KOSOVO

 
 

Kosovo: leader Vetevendosje Kurti, il 25 aprile sarò in Albania per votare

Pristina, 03 mar 17:27 - (Agenzia Nova) - Il leader del Movimento Vetevendosje Albin Kurti si recherà in Albania il 25 aprile per votare alle elezioni politiche del Paese. Lo ha annunciato lo stesso Kurti, probabile nuovo premier del Kosovo dopo la netta vittoria del suo partito alle elezioni del 14 febbraio. Nell'occasione della sua visita di oggi a Tirana, Kurti ha parlato anche dei rapporti tra Kosovo e Albania. "Non appena il nostro nuovo governo sarà formato, inizieremo a cooperare con la Repubblica di Albania, con Edi Rama (il premier), se il governo viene formato prima delle elezioni qua", ha dichiarato Kurti da Tirana. "Continueremo con gli accordi che abbiamo avviato tra i due Paesi e andremo avanti con la loro attuazione: siamo due Stati per una nazione", ha affermato il leader del Movimento Vetevendosje. Secondo Kurti, la cooperazione con qualsiasi primo ministro o presidente che ci sarà in Albania sarà sempre "molto positiva" per il Kosovo.

La Costituzione del Kosovo "sfortunatamente" non permette l'unione con l'Albania, ha dichiarato ieri il leader del Movimento Vetevendosje, partecipando al 577mo anniversario del patto di Lezha. Kurti, nel suo intervento dalla località di Lezha, ha tuttavia invitato Kosovo e Albania a coordinarsi per una maggiore integrazione in tre aree: sicurezza comune, energia e risorse naturali, e politica estera. Il probabile nuovo premier ha osservato che la Costituzione kosovara, all'articolo 1, prevede che il Kosovo è "uno Stato indipendente, sovrano e democratico" e questo stesso articolo al comma 3 vieta esplicitamente "l'unione con un altro Stato".

In precedenza era stato lo stesso Kurti ad affermare che in caso di referendum in Kosovo sull'unione del Paese all'Albania avrebbe votato a favore. "Crediamo nel rafforzamento dello stato del Kosovo come Repubblica sovrana e indipendente e nella nostra Costituzione l'articolo 1.1 è in contraddizione con l'articolo 1.3. L'articolo 1.1 dice che il Kosovo è un Paese indipendente sovrano e l'articolo 1.3 dice che il Kosovo non può unirsi a un altro Paese. Quindi credo che la piena indipendenza implichi anche l'indipendenza dall'indipendenza, quindi potremmo aderire a una federazione con l'Albania o una federazione dell'Ue. Due referendum in futuro potrebbero risolvere la questione, in Albania e in Kosovo, ma mai violando la nostra Costituzione.

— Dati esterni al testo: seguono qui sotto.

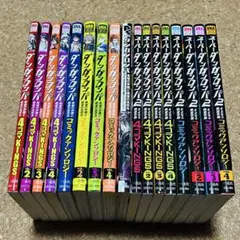 2026年最新】ダンガンロンパ4コマの人気アイテム - メルカリ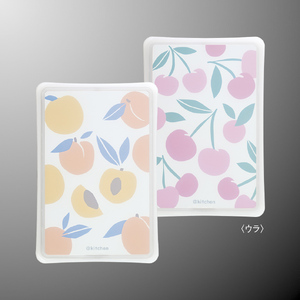 まな板 2点 セット ／ 国際化工 カッティングボード 台所用品 日用品 オシャレ エンボス加工 奈良県 御所市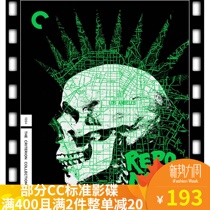 Spot Blu-ray disc CC654 Messenger-Repo Man lock a area English subtitles US tray with paper sleeve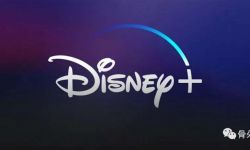 Disney+订阅量增速放缓，长尾效应如何延续？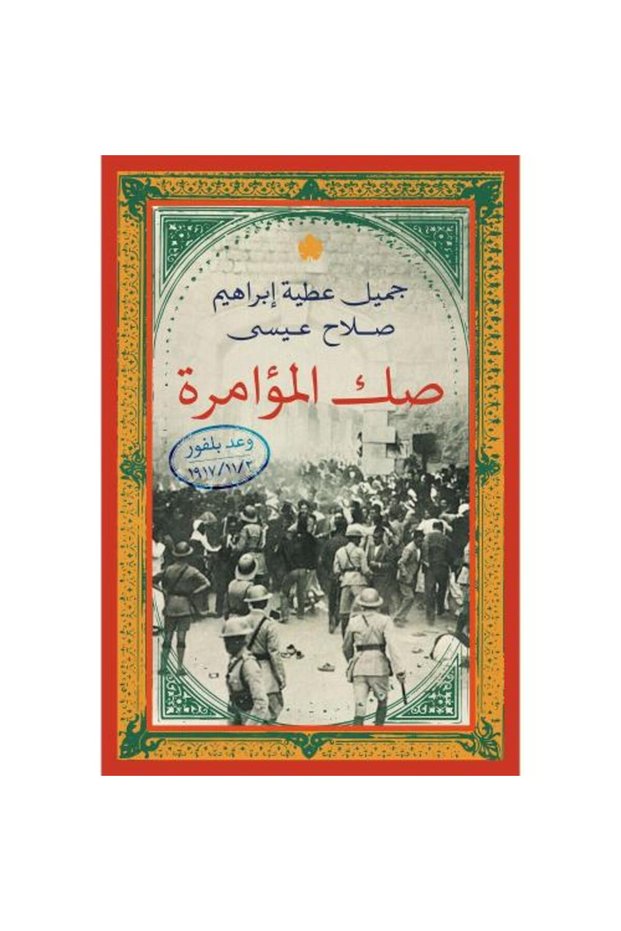 صك المؤامرة النسخة الاصلية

La costituzione dovrebbe essere cambiata prima e solo quando potrà essere fatto in modo pacifico e democratico", ha spiegato Kurti in una intervista a "Euronews".

Il movimento Vetevendosje ha vinto nettamente le elezioni parlamentari in Kosovo, che hanno sancito un crollo senza precedenti dei partiti tradizionali. La formazione della sinistra nazionalista, guidata da Albin Kurti, si è affermata nelle elezioni di domenica 14 febbraio 2021 ottenendo quasi il 48 per cento dei consensi e sfiorando così la maggioranza assoluta. Quella di Vetevendosje è la vittoria più ampia in termini numerici mai registrata in Kosovo, in quanto segna un risultato migliore del 45 per cento ottenuto dalla Lega democratica del Kosovo (Ldk) nel 2004. Il margine di oltre 30 punti percentuali rispetto al secondo partito sancisce una vera e propria svolta per Vetevendosje, relegando i partiti tradizionali ad un ruolo secondario. L'Ldk, partito di governo uscente, subisce la maggiore perdita di voti fermandosi al terzo posto poco sopra il 13 per cento. Ulteriore calo anche per l'altro storico schieramento politico del Paese, il Partito democratico del Kosovo (Pdk), che perde alcuni punti percentuali rispetto al voto del 2019 pur recuperando la seconda piazza con circa il 17 per cento dei voti. Quarto partito ad entrare in Parlamento, l'Alleanza per il futuro del Kosovo (Aak) di Ramush Haradinaj, con oltre il 7 per cento.

Prima del voto, il leader dell'Aak e candidato alla presidenza kosovara Haradinaj, ha detto che se la Serbia non farà nulla riguardo l'indipendenza del Kosovo, allora Pristina si muoverà verso l'unione con l'Albania. "Vi chiedo di votare per un programma che ravviverà l'economia. Vi chiedo anche di votare per un presidente che si impegnerà per il Kosovo, per il rispetto dei piani internazionali, e che tratti anche delle nostre questioni con la Serbia in modo tale che ogni cittadino di questa nazione si senta fiero", ha dichiarato Haradinaj durante un comizio elettorale in vista del voto del 14 febbraio. "Quando diventerò presidente del Kosovo", ha aggiunto l'ex premier "chiederò" al presidente serbo Aleksandar Vucic "di essere pronto a riconoscere il Kosovo, senza continuare a ritardare in quanto non puntiamo ad attendere". "Abbiamo costruito un nuovo esercito ed una nuova governance giudiziaria. Siamo sulla nostra strada e possiamo unirci all'Albania, in modo da non lasciarti altra alternativa, dovresti riconoscerlo", ha affermato Haradinaj rivolgendosi a Vucic. (Alt)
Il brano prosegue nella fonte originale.